A soja opera em queda na bolsa de Chicago nesta quarta-feira (11), com o contrato para março, o de maior volume negociado, desvalorizando 0,22%, a US$ 11,1875 por bushel.
A Granar atribui o movimento ao relatório do Departamento de Agricultura dos Estados Unidos (USDA), que indicou o avanço de uma safra recorde no Brasil e previsões de chuva para áreas agrícolas da Argentina.
No mercado de derivados, o farelo de soja com vencimento em março registra alta de 0,03%, a US$ 300,90 por tonelada. Na sessão anterior, o produto havia encerrado com ganhos superiores a 1%.
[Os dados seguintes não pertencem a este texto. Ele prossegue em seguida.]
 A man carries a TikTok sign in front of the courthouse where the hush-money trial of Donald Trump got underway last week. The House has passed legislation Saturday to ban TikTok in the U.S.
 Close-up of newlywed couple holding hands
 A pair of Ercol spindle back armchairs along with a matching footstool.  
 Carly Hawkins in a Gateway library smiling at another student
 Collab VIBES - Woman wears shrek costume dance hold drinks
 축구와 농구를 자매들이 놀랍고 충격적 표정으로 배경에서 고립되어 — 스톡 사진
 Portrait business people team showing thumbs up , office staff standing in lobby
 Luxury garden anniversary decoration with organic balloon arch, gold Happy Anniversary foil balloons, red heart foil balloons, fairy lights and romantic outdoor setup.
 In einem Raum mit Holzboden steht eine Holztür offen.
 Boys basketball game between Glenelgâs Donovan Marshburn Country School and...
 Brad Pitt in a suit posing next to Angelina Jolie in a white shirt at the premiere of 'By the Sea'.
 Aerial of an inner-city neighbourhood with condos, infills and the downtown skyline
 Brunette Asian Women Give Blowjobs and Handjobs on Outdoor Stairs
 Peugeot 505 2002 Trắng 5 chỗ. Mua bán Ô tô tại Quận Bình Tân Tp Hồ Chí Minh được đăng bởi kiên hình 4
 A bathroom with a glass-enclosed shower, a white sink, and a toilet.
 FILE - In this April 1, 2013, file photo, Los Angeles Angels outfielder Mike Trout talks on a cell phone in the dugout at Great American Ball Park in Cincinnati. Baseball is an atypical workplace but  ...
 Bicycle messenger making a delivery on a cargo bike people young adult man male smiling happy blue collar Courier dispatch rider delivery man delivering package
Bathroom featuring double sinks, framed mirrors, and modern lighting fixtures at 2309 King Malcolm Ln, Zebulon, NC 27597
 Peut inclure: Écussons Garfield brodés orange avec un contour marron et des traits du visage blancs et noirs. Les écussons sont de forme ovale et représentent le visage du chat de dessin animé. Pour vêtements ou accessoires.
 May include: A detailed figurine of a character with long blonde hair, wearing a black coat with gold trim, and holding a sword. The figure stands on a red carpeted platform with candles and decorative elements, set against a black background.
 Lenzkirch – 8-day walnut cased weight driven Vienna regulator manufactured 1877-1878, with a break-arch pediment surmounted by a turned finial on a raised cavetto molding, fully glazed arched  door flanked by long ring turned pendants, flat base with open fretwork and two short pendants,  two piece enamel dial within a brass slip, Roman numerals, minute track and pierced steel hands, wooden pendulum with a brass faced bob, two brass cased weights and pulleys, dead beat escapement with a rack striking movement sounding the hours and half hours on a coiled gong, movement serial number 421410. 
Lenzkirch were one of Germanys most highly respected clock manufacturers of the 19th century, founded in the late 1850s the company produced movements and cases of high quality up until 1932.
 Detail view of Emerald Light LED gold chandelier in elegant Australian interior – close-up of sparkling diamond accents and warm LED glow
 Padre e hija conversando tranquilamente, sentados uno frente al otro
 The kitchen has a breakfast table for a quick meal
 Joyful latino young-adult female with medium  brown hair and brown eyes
No relatório do USDA, a produção dos EUA foi mantida em 4,26 bilhões de bushels na temporada 2025/26, volume equivalente a 116 milhões de toneladas.
O Departamento de Agricultura também reconheceu que um eventual acordo comercial entre os Estados Unidos e a China pode resultar em maiores embarques de soja aos chineses, como tem divulgado Donald Trump; possibilidade que ajudou a sustentar as cotações após o anúncio do relatório.
Em análise à CNN, Fernando Henrique Iglesias, do Safras e Mercado, afirma: “o relatório do USDA pode ser considerado de neutro a baixista. O quadro de oferta e demanda dos Estados Unidos não trouxe alterações e os números globais foram negativos para os preços, principalmente com a previsão crescente da safra do Brasil para 180 milhões de toneladas”.
A Associação Nacional dos Exportadores de Cereais (Anec) revisou para cima a estimativa de embarques de soja do Brasil em fevereiro. A nova projeção indica volume de até 12,41 milhões de toneladas, ante 11,42 milhões apontados na semana passada.
A entidade também elevou as previsões para outros itens do complexo soja e para o milho: no farelo de soja, a projeção passou para 1,92 milhão de toneladas, acima das 1,63 milhão indicadas há uma semana.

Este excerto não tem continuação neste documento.